To come to this conclusion, Gavini must have walked directly past a Thermolab stability refrigerator that had been installed seven months earlier. The large walk-in refrigerator was maintained at 4 degrees Celsius. Use of the refrigerator was not noted on any of the company’s applications with the FDA. Had Gavini opened it, he would have found hundreds of bottles of samples that had not been recorded, stuffed inside cardboard boxes.

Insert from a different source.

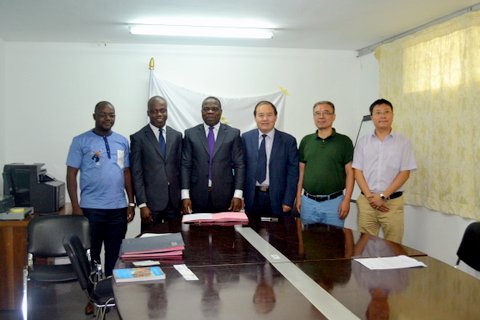 Trois accords de coopération ont été signés le 19 août 2016dernier entre Eau et Assainissement pour l’Afrique (EAA) et des instituts de l’académie des sciences la République de Chine. Ces accords de coopération ont été conclus dans les domaines des énergies renouvelables et des technologies de traitement et de gestion des déchets organiques.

Why Ranbaxy was using the refrigerator would become one of the most contentious, bitterly fought questions for years to come. But again, Gavini didn’t raise any questions. To Ranbaxy’s nervous executives, he was a dream investigator, either unable to find or not on the lookout for illicit solutions to drug testing.
Not surprisingly, his findings were minimal. He gave the plant a clean bill of health and determined that it was in “overall compliance” with current good manufacturing practices. His conclusion was NAI: No Action Indicated.